Dice mi madre que nací inconforme, que de niña no paraba de pedir un juego para abandonarlo a los pocos minutos y luego pedir algo más, algo diferente, otro muñeco, otro dibujo, otro cuento, tenía hambre de sorpresas. Mi psicóloga opina lo mismo, así como los pocos amigos que aún conservo y alguno que otro ex amante de cuyos brazos también salí corriendo, porque me aburría, porque quería otra cosa, algo distinto. Algo.
La ansiedad es un vestido que llevo puesto desde pequeña, tengo la sensación de estar desnuda y sentada sobre un hormiguero, con picazón por todo el cuerpo, con ansias de moverme, de correr sin saber a dónde. Huir.

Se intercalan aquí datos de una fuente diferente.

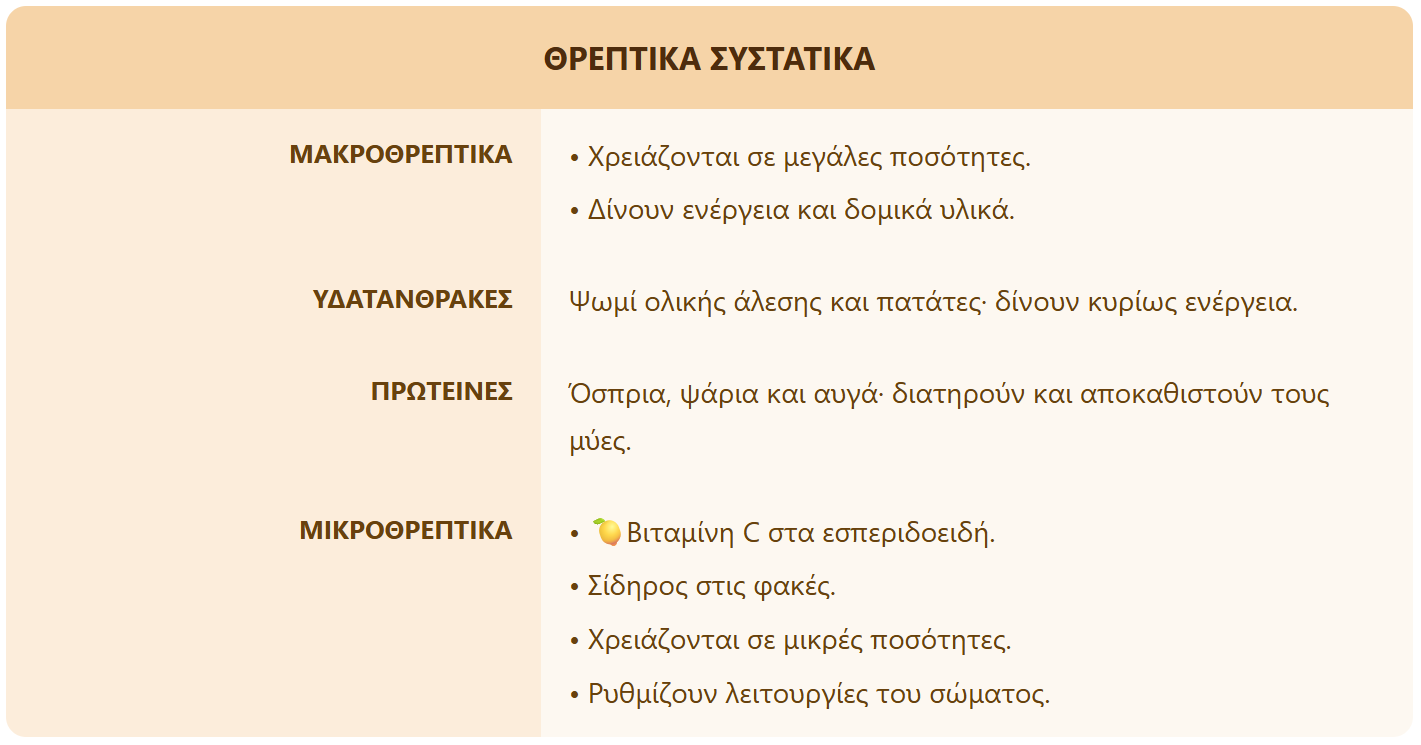 Κάρτα μνήμης NOTEBARS από την εφαρμογή. Τίτλος, και από κάτω τέσσερις μπάρες σε δύο στήλες. Οι δύο έχουν πολλαπλές σημειώσεις με κουκκίδες. Η διάταξη δείχνει ένθετη ιεραρχία: δύο μεγάλες κατηγορίες και, ανάμεσά τους, τα μέλη της πρώτης. Μέσα σε μία σημείωση υπάρχει εικονίδιο που πρόσθεσε ο μαθητής. Περιεχόμενο: ΘΡΕΠΤΙΚΑ ΣΥΣΤΑΤΙΚΑ | ΜΑΚΡΟΘΡΕΠΤΙΚΑ:· Χρειάζονται σε μεγάλες ποσότητες.· Δίνουν ενέργεια και δομικά υλικά. | ΥΔΑΤΑΝΘΡΑΚΕΣ: Ψωμί ολικής άλεσης και πατάτες· δίνουν κυρίως ενέργεια. | ΠΡΩΤΕΙΝΕΣ: Όσπρια, ψάρια και αυγά· διατηρούν και αποκαθιστούν τους μύες. | ΜΙΚΡΟΘΡΕΠΤΙΚΑ:· 🍋Βιταμίνη C στα εσπεριδοειδή.· Σίδηρος στις φακές.· Χρειάζονται σε μικρές ποσότητες.· Ρυθμίζουν λειτουργίες του σώματος. Κάτω από την κάρτα φαίνονται 4 από τις ερωτήσεις που παρήγαγε η εφαρμογή από αυτήν: 1) Σε τι διαφέρουν μακροθρεπτικά και μικροθρεπτικά; — Τα ΜΑΚΡΟΘΡΕΠΤΙΚΑ χρειάζονται σε μεγάλες ποσότητες, τα ΜΙΚΡΟΘΡΕΠΤΙΚΑ σε μικρές. 2) Τι δίνουν κυρίως οι υδατάνθρακες και πού τους βρίσκουμε; — ΕΝΕΡΓΕΙΑ. Ψωμί ολικής άλεσης και πατάτες. 3) Ποιος είναι ο ρόλος των πρωτεϊνών; — Διατηρούν και αποκαθιστούν τους ΜΥΕΣ. 4) Πού βρίσκουμε βιταμίνη C και πού σίδηρο; — Βιταμίνη C στα ΕΣΠΕΡΙΔΟΕΙΔΗ, σίδηρο στις ΦΑΚΕΣ.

Salir del forro de mi propia piel.
He corrido, mucho, he llegado lejos, lejísimos, diría que he ganado uno que otro maratón, pero perdí el norte hace mucho, es decir, gané una carrera sin ruta, solo corrí y llegué a ninguna parte; aquí en la meta no hay nadie para aplaudirme como me habían prometido. ¿Qué clase de burla es esta?, ¿dónde están las porras, los premios, las fotos y las palmaditas en la espalda?
“¡Llegué!, ¿me escuchan? ¡estoy aquí!… ¡aquí!… ¡aquí! (resuena el eco en las montañas).

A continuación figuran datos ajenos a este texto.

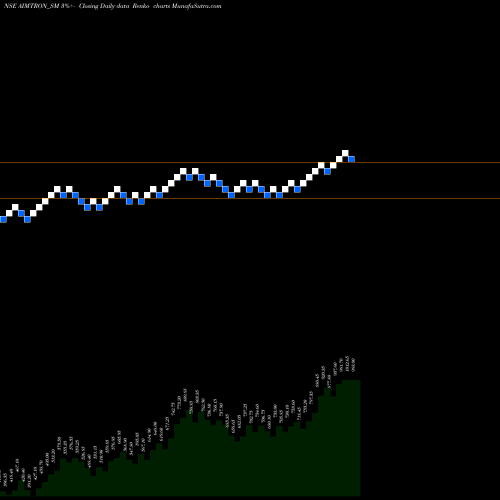 Free Renko charts Aimtron Electronics Ltd AIMTRON_SM share NSE Stock Exchange 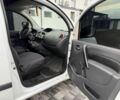 Рено Кєнгу Експресс 2012 у Львові на Automoto.ua Білий Рено Кєнгу Експресс, об'ємом двигуна 1.5 л та пробігом 233 тис. км за 3850 $, фото 19 на Automoto.ua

Corrí por años, acelerando muchas veces más de lo necesario, forzando mi mente, mi cuerpo y todas mis ganas, a punto del infarto recorrí varios kilómetros equivocados, sin saber a dónde iba, pero siempre en movimiento, porque si me detenía, sabía que las hormigas volverían a treparse por mi cuerpo para generarme de nuevo esas insoportables ansias.
Llegué a un páramo, no sé si esta es la meta, simplemente ya no puedo continuar, no me siento mejor, siento la necesidad de parar y seguir corriendo al mismo tiempo. Estoy agitada, sudo a mares, mi piel está roja como tomate, con la respiración entrecortada me recargo en un árbol, flexiono mi espalda, apoyo las manos en mis rodillas para recuperar el aliento, el sudor en mis ojos no me permite ver, los cierro, empiezo a llorar porque me duele todo y aquí no hay nada, no está la tierra prometida, los logros, los abrazos, la plata que conseguiría si me portaba bien, si hacía todo al pie de la letra. ¡Porque lo hice, maldita sea, lo hice todo, tal como me lo dijeron!
Es una estafa, me siento burlada, me parece escuchar debajo de las piedras a unos duendecillos burlones “Mira, otra ingenua ja, ja”, susurran entre ellos. Me dejo caer resbalando mi espalda sobre el tronco de ese árbol, completamente desolada, perdí media vida en esta estúpida carrera hacia ningún lado, me mintieron, me dijeron que aquí habría algo, o alguien, y lo peor es que ya no tengo energía para seguir avanzando, ni para desandar el camino.
Quizá sea momento de parar. Quizá.
Cierro mis ojos de nuevo, recargo mi cabeza sobre el árbol, escucho una respiración quedita, al parecer aquí si hay alguien, me parece que el árbol vive, respira, la tierra acaricia mis piernas, las piedras se mueven porque los duendes burlones siguen ahí, esperando que me dé cuenta de que hay un temblor imperceptible en todo lo que veo y toco, que parece magia, pero no es magia, siempre ha estado ahí, es vibración, es energía, es la vida ocurriendo.
Tonta de mí, al parecer nunca tuve que buscar nada, quizá no había necesidad de correr, tal vez solo se trataba de aprender a recargarme de vez en cuando, a dejar que la tierra me sostenga. Quizá tengo que reconocer que estoy cansada, y acampar aquí, en este páramo situado en ningún lugar, donde no tengo nombre ni apellido, porque la identidad, la ubicación y el tiempo son experiencias subjetivas, un mero acuerdo social, quizá el truco sea dejar de buscar, y simplemente aprender a estar, aquí, conmigo, con el árbol, con la tierra y con los duendes.